Prepare ye the way of the Lord.. from Godspell

This is the season to watch and wait, to keep awake. Stop, watch, pay attention – Something incredible is going to happen. This is the time for dreaming, for desires and longing, and into this time comes the messenger John. Today, on the third Sunday of Advent we continue to linger with this character, and remember that good news, gospel always begins with a messenger.

Proclaimer, preacher, wild man, witness, uncomfortable prophet ..

I wonder what your picture of John the Baptiser is?

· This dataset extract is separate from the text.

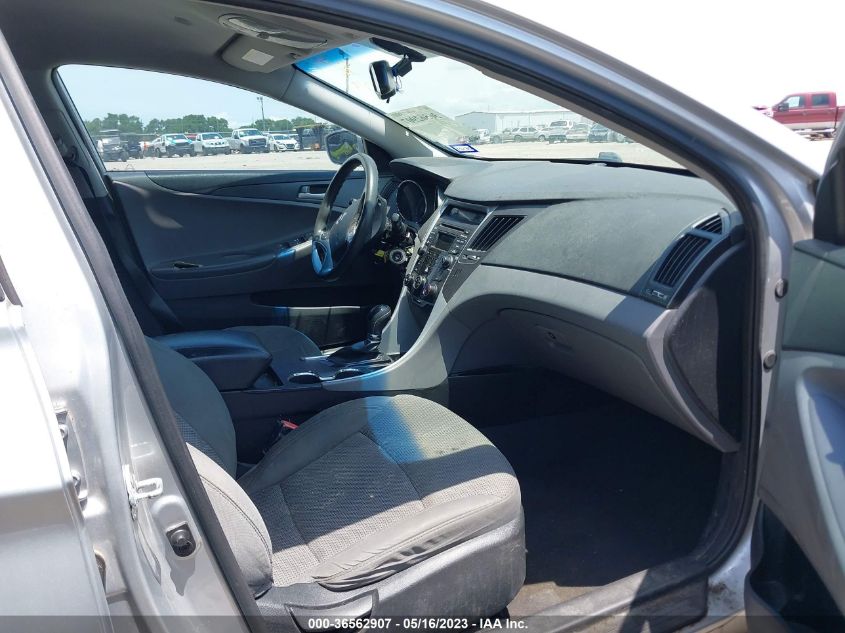 2014 HYUNDAI SONATA GLS - 5NPEB4AC5EH871082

In the 1972 musical Godspell, John the Baptist is one of a troupe of 10 performers who together tell the story of Jesus. Based on the gospel of Matthew the performance uses clowning, pantomime, charades, acrobatics, and vaudeville to tell the story of Christ. “The Church takes itself much too seriously. It has to learn to laugh at itself sometimes. I think if Jesus were here today, he would be moving and acting like this.” These were the words of Stephan Nathan, who acted in the initial production. Godspell is a pageant that moves from moment to moment, a production intended to celebrate good news (‘god spell’ is Old English for gospel) and weave this God’s spell of new hope, new joy, new life over its audience.

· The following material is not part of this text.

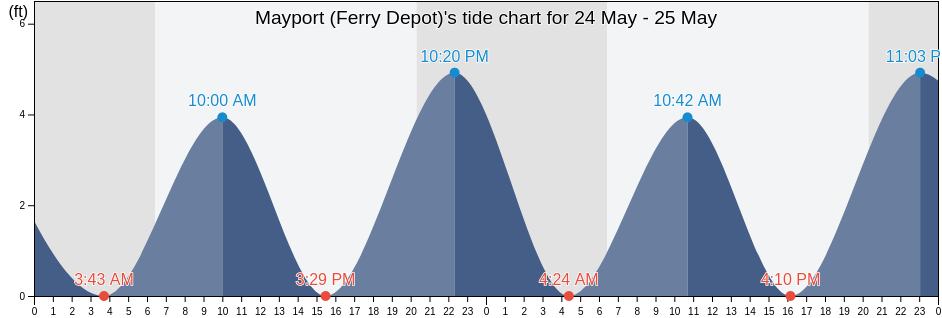Mayport (Ferry Depot), Duval County, Florida, United States tide chart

(This week I have found inspiration from Thom Shuman’s reflection, Friend of the bridegroom, in ‘Gobsmacked’

‘This room will come to order’, the Chair intoned. ‘This hearing is for the purpose of obtaining the facts concerning this person who has appeared in our midst, who seems to be causing a great deal of controversy and discomfort amongst our people. The first witness has been sworn in. Would you please identify yourself for this committee?’

‘My name is John.’

Shuffling some papers until he found the right document, the Chair continued, ‘Commonly known as John the Baptist. Mr Baptist, are you the light that has come into the world?’

‘No, sir, I am not. And please, call me John.’

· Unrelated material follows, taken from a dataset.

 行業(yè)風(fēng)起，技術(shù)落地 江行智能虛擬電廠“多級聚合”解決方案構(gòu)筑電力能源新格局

‘If you are not the light, then who are you?’

‘I am simply the one who draws people from the shadows of this world, and of their lives, so they can find the Light.’

‘Well then, are you this word we have heard about, that is supposed to have been from the beginning of all time?’

‘No, I am not the Word. I am the messenger. For all those folks who have been deafened by the noise of our culture, I hope my words will lead them to the One who can silence their fears, who can speak to their concerns, who can answer their questions, who can whisper songs of joy and peace into their ears.’

‘Well, I don’t understand why you are here before this committee’ said the Chair, with a degree of impatience. ‘Just who in the world are you?’

‘Sir, have you ever been to a wedding?’

‘Of course, many, many times.’

‘Then you will remember there comes that moment in the service when the bridegroom appears at the front of the congregation, just as everything is about to begin. Well, I am the one who has stood with the bridegroom and fixed his tie into a perfect shape. I am the friend who adjusts his button-hole and brushes a stray hair from his morning suit. I am the good friend who reminds him to smile at the bride as she moves to stand by his side, so she won’t turn to him in 25 years time and ask why he didn’t smile on their wedding day. I am the one who whispers, ‘walk slowly’ as he steps out, and I go to the back of the church to dim the lights so that only he can be seen. I am the one who shushes all the latecomers so they can hear his voice. I am simply the friend of the bridegroom, thanking God for the gift of serving him, and the privilege of getting out of the way.’

Good news, gospel always begins with a messenger. The good news is always beginning somewhere in the world. May we have ears to hear, and may we step back into the shadows to enable others to hear good news, hear the word of justice, freedom and joy.

Wedding flowers outside St James the Great, Claydon.

Wedding flowers outside St James the Great, Claydon.